Exactly the lines from the one containing "Kurt, Bayerischer Wald" through the end of the data, and nothing more, should be retyped; pictures stay out.

**Recorded data**
# # # # # # #
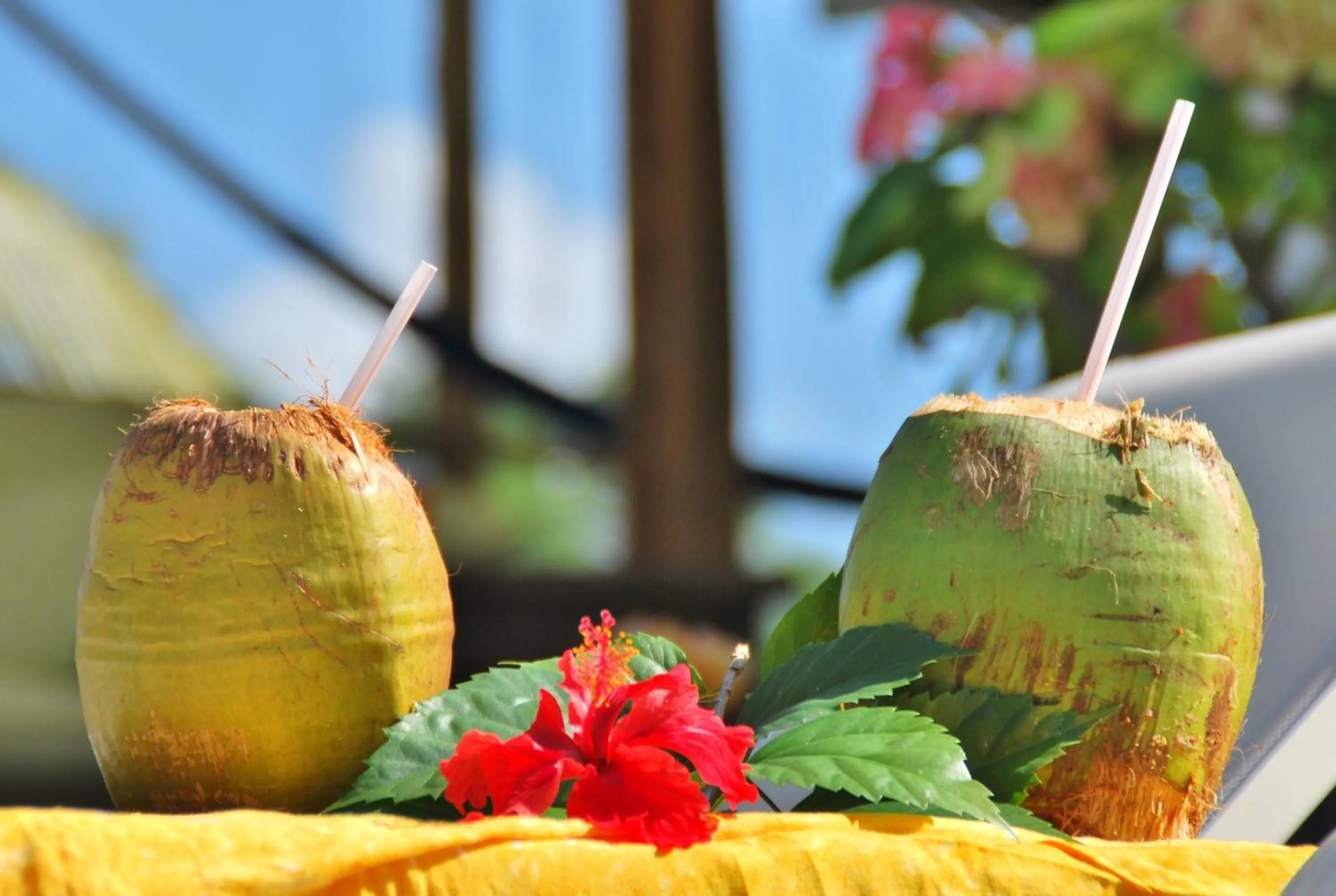 Food and drinks in Hotel El Chital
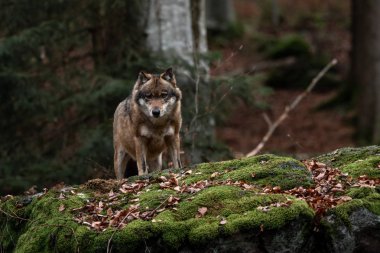 Kurt, Bayerischer Wald Ulusal Parkı, Almanya 'da duruyor.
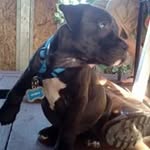 Jerald Sullivan - @jeraldsullivan - Instagram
# # # # # # #
**Solution**
 Kurt, Bayerischer Wald Ulusal Parkı, Almanya 'da duruyor.
 Jerald Sullivan - @jeraldsullivan - Instagram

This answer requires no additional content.